Contents:
- 1. Tables
- 2. Introduction
- 3. Approach Used
- 4. Definitions Used
- 5. Analogue-Born content problems
- 6. Born-Digital Content Problems
- 6.1 Digital video tapes problems
- 6.2 Other digital carriers problems
- 6.3 Digital video transmission problems
- 6.4 Digital video files problems
- 7. System problems and mitigation procedures
- 7.1 System risks
- 7.2 Mitigation procedures
- 8. Conclusions
- 9. Glossary
This report describes a variety of ways that things that can go wrong with digital audiovisual material managed and accessed in a digital repository. It presents evidence collected on various kinds of damage and describes the impact on the material’s visual and aural properties such damage can have. After an introduction to the DAVID project in section two, section three goes on to describe the approach used for obtaining information related to data damage in the audiovisual domain. Section four presents some definitions for clarity. Section five describes the problems that can be found in digital files that were created from analogue sources. Section six documents problems identified affecting born-digital content. Section seven addresses system-originated problems, and offers some procedures that may mitigate such problems. The conclusion follows in section eight.
This report can be used for a variety of purposes.
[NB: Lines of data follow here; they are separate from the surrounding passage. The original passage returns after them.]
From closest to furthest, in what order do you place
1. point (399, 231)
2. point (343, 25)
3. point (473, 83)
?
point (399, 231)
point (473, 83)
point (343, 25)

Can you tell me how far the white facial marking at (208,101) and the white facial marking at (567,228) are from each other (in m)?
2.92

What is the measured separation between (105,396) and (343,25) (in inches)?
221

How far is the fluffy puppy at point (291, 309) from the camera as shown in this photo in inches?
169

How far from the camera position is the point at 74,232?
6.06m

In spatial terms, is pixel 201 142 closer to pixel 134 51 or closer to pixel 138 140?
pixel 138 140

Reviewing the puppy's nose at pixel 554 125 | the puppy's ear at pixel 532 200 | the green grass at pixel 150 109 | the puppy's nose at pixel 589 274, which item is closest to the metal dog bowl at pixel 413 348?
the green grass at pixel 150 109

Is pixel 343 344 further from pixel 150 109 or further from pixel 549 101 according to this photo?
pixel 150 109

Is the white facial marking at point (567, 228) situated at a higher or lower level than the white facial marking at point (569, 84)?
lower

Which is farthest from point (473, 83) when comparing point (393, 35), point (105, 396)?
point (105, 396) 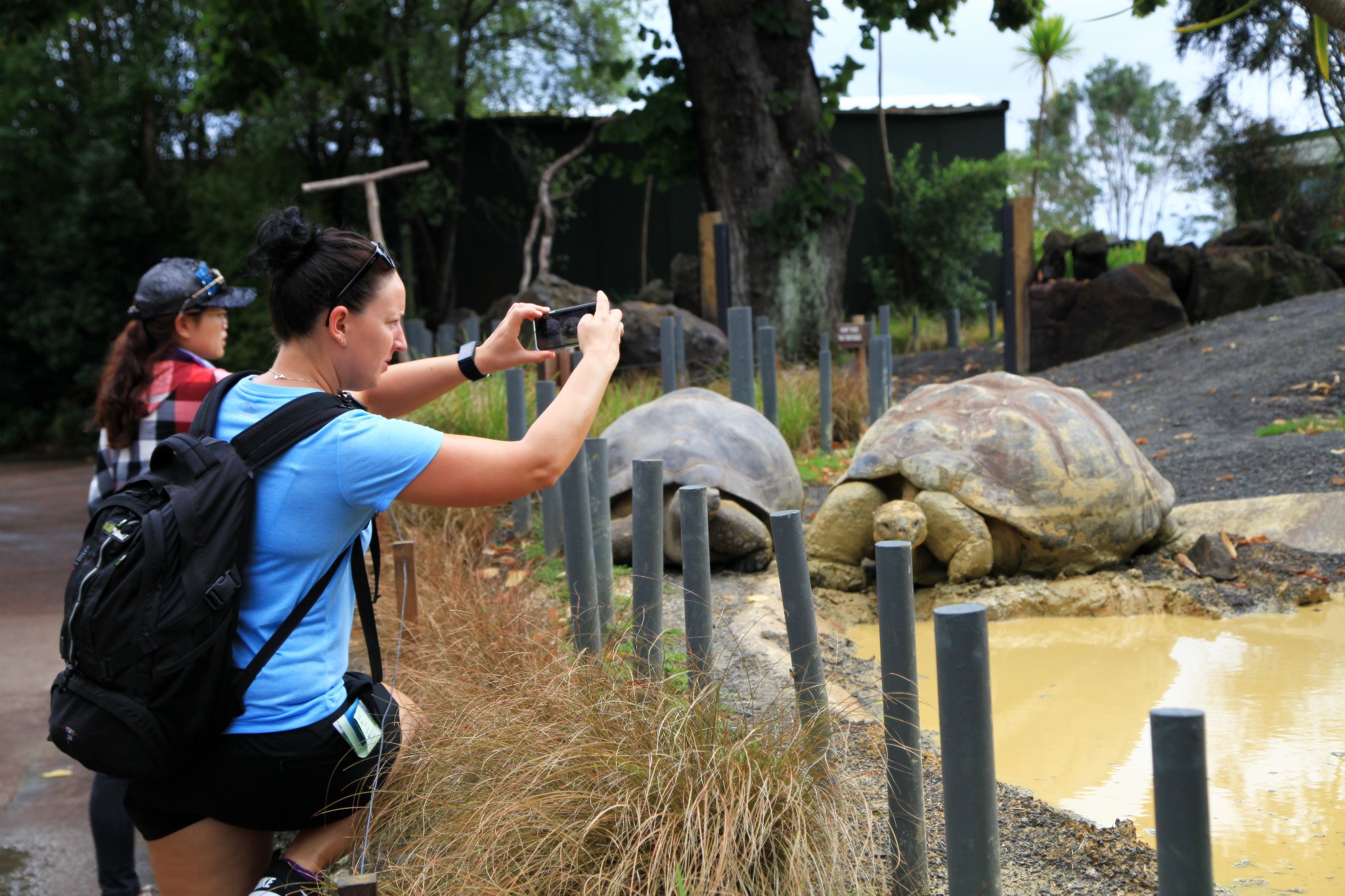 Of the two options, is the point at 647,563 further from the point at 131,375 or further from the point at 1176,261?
the point at 1176,261

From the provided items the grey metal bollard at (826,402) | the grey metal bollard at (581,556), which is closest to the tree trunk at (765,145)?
the grey metal bollard at (826,402)

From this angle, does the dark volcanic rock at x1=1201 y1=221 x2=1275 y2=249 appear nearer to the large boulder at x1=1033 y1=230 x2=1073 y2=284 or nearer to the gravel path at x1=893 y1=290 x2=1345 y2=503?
the gravel path at x1=893 y1=290 x2=1345 y2=503

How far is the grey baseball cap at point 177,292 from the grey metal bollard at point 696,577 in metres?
1.46

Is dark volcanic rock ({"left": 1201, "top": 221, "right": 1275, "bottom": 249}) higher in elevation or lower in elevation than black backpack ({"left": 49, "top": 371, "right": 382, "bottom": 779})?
higher

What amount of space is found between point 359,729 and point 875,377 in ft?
20.4

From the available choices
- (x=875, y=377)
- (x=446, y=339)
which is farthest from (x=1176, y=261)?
(x=446, y=339)

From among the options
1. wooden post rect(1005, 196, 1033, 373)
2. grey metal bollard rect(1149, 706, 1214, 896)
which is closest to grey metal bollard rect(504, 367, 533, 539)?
grey metal bollard rect(1149, 706, 1214, 896)

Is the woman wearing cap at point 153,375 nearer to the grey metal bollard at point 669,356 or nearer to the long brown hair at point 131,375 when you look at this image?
the long brown hair at point 131,375

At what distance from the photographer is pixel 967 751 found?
71.6 inches

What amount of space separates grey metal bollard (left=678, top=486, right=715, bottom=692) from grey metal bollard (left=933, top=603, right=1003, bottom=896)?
2.81 ft

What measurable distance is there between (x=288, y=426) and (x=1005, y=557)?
420 cm

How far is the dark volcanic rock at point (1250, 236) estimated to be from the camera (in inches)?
468

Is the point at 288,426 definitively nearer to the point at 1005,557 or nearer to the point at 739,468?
the point at 739,468

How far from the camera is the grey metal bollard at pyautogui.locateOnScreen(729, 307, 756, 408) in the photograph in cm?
687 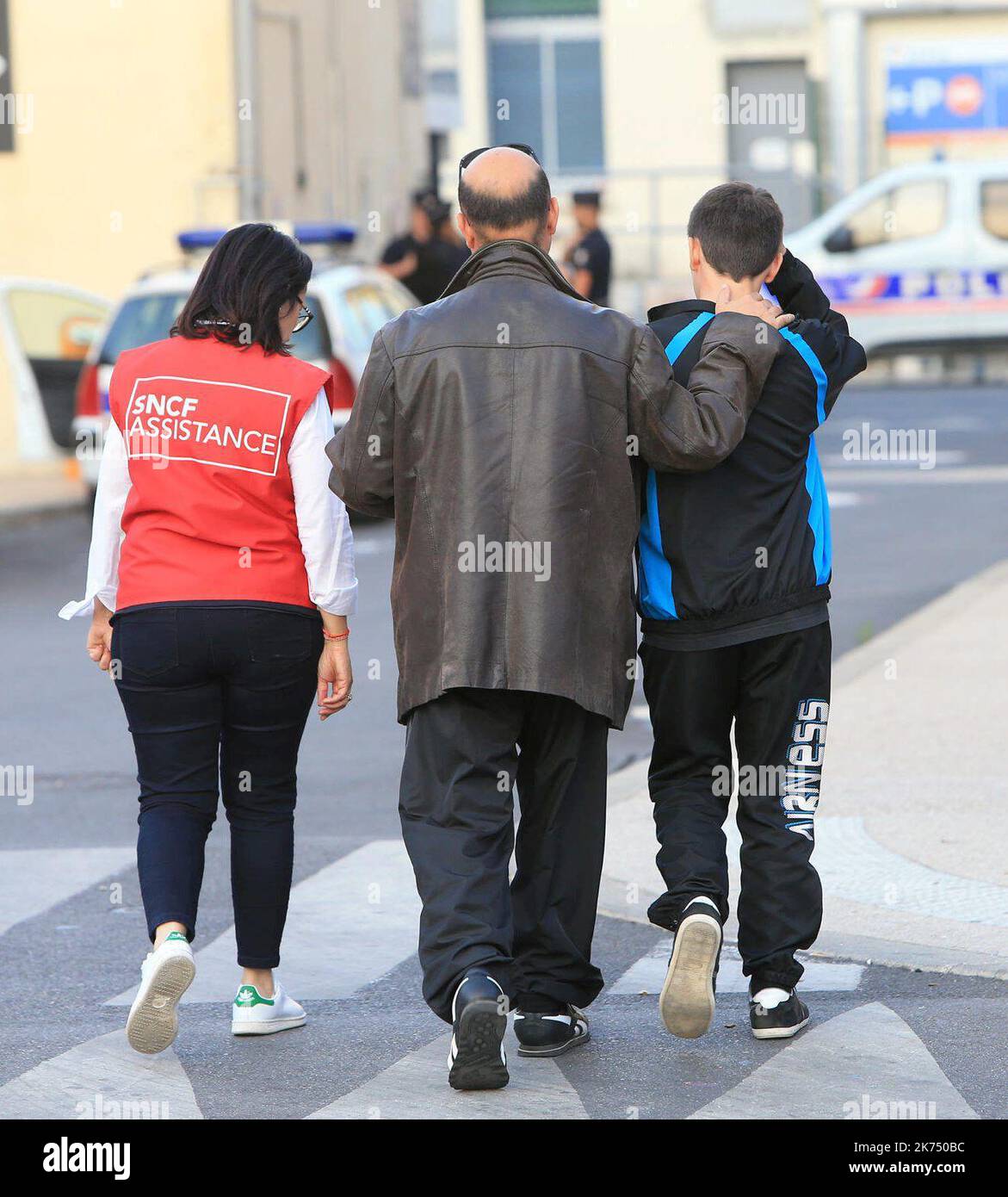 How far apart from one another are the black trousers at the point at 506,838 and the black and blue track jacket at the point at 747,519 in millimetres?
326

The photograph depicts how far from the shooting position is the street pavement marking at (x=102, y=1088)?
4.34 metres

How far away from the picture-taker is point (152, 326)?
1445cm

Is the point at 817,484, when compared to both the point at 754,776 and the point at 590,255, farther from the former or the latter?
the point at 590,255

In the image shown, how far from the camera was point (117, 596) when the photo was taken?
478 centimetres

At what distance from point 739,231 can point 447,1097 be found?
1842 millimetres

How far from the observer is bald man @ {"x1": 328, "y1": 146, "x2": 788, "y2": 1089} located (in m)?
4.34

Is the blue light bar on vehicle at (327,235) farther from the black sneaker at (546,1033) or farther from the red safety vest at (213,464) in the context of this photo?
the black sneaker at (546,1033)

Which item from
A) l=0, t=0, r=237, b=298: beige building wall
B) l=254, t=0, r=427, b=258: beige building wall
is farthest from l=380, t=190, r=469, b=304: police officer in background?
l=254, t=0, r=427, b=258: beige building wall

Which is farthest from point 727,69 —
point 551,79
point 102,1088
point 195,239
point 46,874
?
point 102,1088

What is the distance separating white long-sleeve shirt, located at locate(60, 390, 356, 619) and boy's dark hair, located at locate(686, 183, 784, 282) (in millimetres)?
873

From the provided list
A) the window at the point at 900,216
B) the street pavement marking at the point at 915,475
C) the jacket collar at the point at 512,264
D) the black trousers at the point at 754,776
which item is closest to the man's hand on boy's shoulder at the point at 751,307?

The definiton section offers a handy classification system describing damage issues, failure modes and types of loss that could be useful for archives trying to structure and maintain a controlled vocabulary list of problems to be recorded. Besides offering a good overview of the development of digital video technology and digital video file problems (in particular inter-operability problems MXF can bring with it), it presents some different conclusions than those previously found in earlier research – for example, that although Bit Rot was acknowledged as a problem, it was considered as much less critical than System-level problems; and that the worst cases of trouble and data loss in the digital domain were actually not caused by the subsystems themselves, but by the assembly within complex systems of a large number of components, e.g. Media Assets Management (MAM) systems. The chapter offering mitigation solutions is particularly welcome. This report is important reading for staff tasked with risk assessment and mitigation.